• **ABOUT THIS TASK**
The copy should hold exactly the lines below from the one that contains "Human rights activists" through the one that contains "Fendi Peekaboo petit" and nothing else, so no pictures.

• **MATERIAL SHOWN**
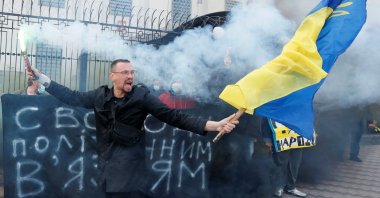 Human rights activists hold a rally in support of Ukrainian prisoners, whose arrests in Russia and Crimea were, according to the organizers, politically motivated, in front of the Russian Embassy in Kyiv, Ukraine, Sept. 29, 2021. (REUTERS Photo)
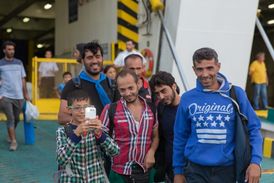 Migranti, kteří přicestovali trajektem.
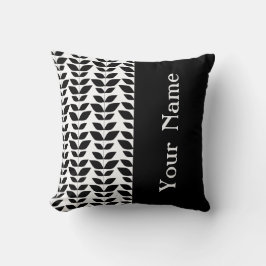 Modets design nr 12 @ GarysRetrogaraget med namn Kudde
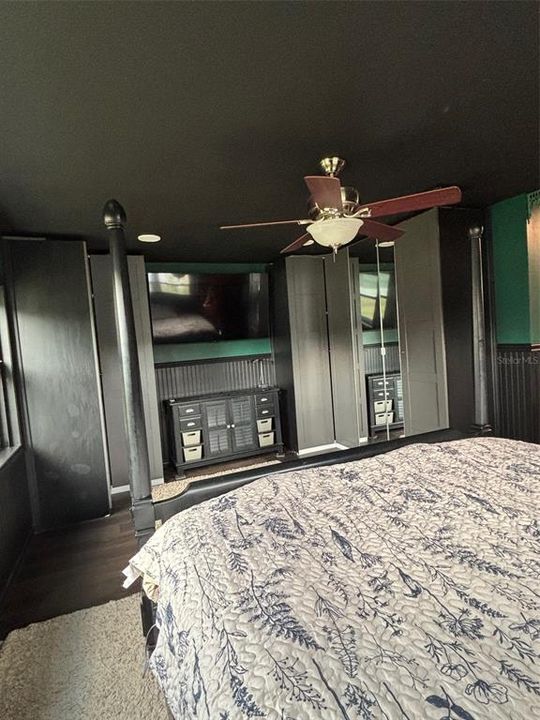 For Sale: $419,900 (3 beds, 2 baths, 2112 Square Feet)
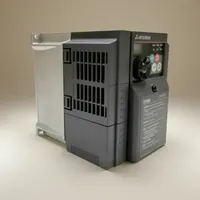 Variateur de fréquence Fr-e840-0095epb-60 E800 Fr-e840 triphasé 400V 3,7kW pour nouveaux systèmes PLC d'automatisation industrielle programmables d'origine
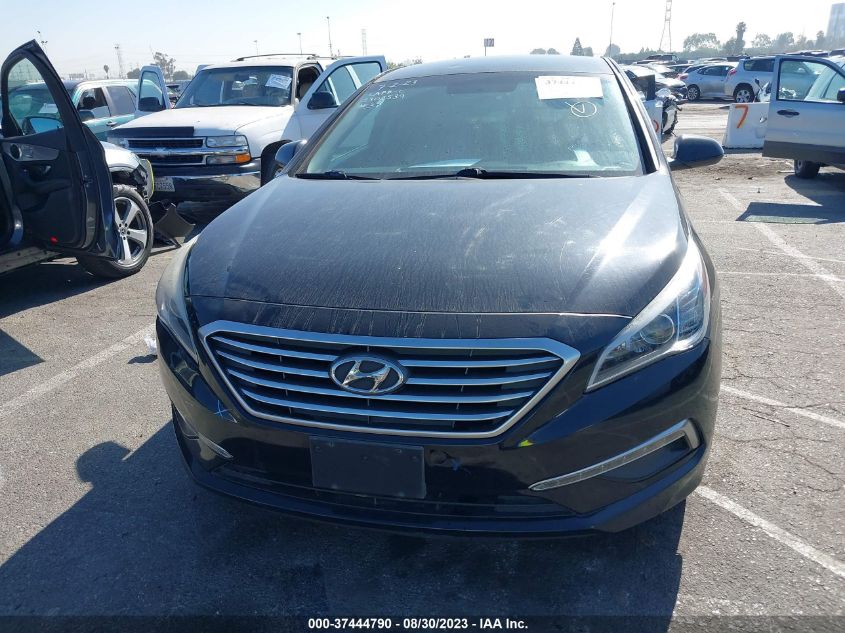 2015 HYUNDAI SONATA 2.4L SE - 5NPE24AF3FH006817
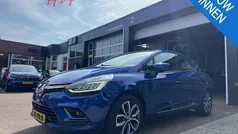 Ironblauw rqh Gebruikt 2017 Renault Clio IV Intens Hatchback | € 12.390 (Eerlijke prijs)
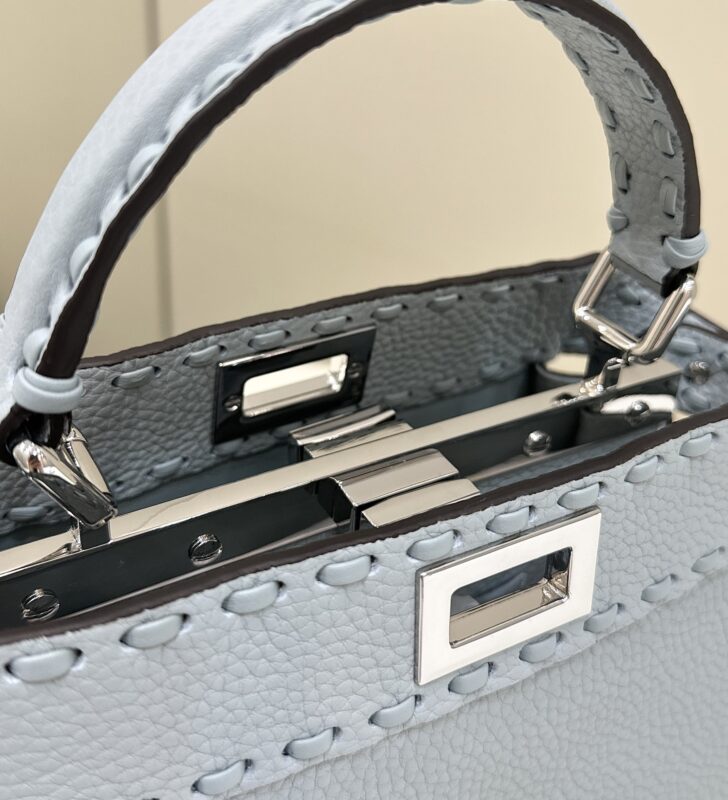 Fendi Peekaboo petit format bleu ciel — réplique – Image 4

==

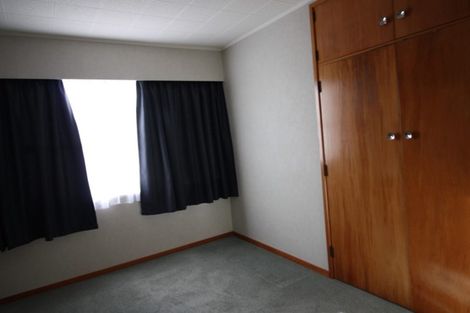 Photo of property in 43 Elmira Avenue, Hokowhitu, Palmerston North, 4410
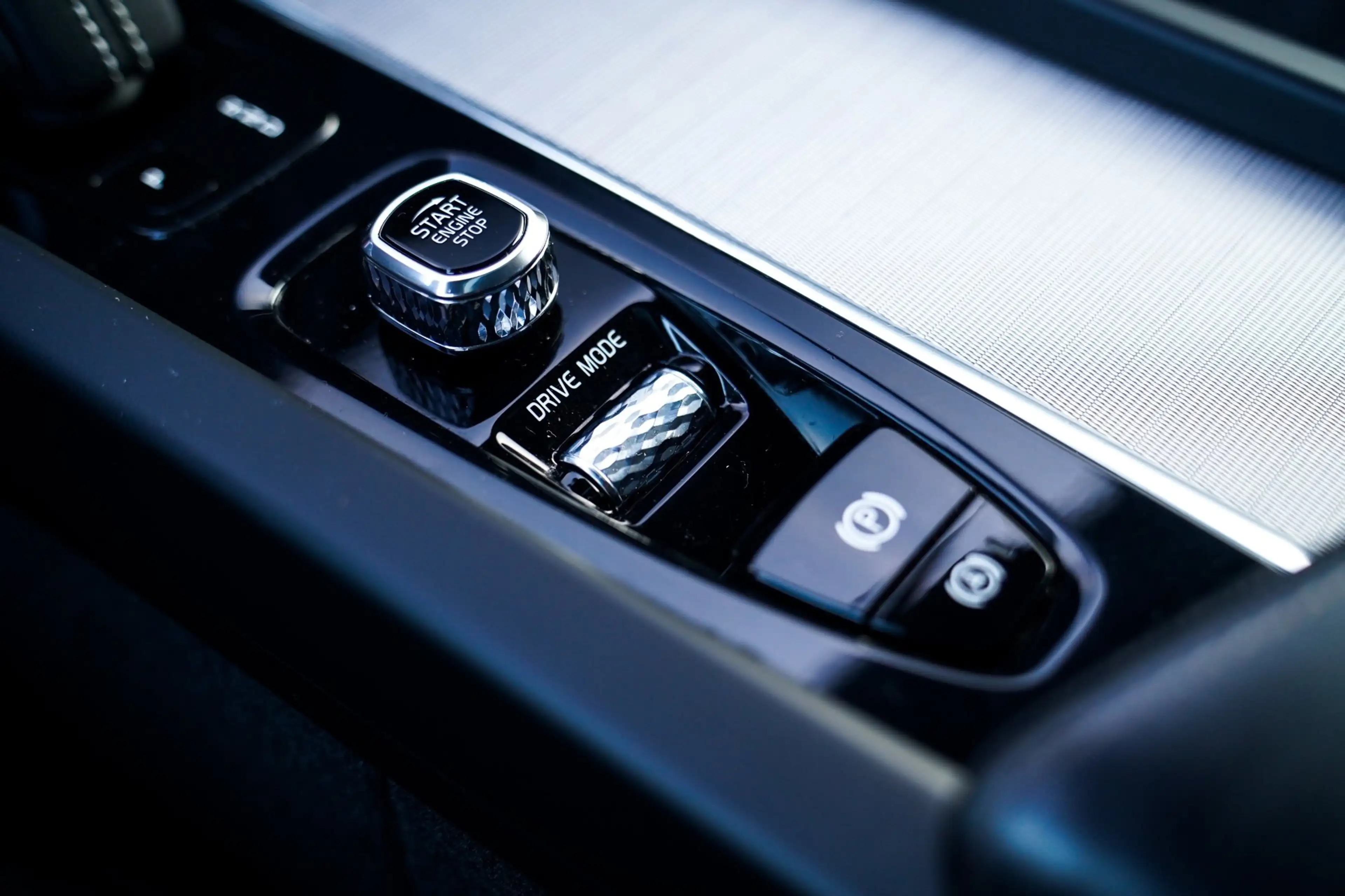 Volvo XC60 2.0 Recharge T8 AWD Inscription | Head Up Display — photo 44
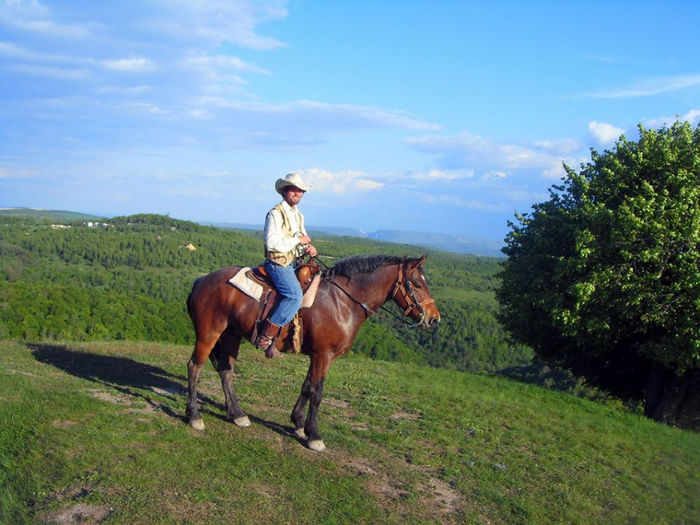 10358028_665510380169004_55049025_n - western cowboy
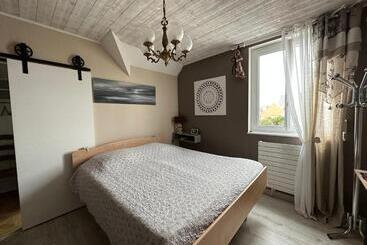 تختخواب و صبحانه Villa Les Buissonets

• **ANSWER**
 Human rights activists hold a rally in support of Ukrainian prisoners, whose arrests in Russia and Crimea were, according to the organizers, politically motivated, in front of the Russian Embassy in Kyiv, Ukraine, Sept. 29, 2021. (REUTERS Photo)
 Migranti, kteří přicestovali trajektem.
 Modets design nr 12 @ GarysRetrogaraget med namn Kudde
 For Sale: $419,900 (3 beds, 2 baths, 2112 Square Feet)
 Variateur de fréquence Fr-e840-0095epb-60 E800 Fr-e840 triphasé 400V 3,7kW pour nouveaux systèmes PLC d'automatisation industrielle programmables d'origine
 2015 HYUNDAI SONATA 2.4L SE - 5NPE24AF3FH006817
 Ironblauw rqh Gebruikt 2017 Renault Clio IV Intens Hatchback | € 12.390 (Eerlijke prijs)
 Fendi Peekaboo petit format bleu ciel — réplique – Image 4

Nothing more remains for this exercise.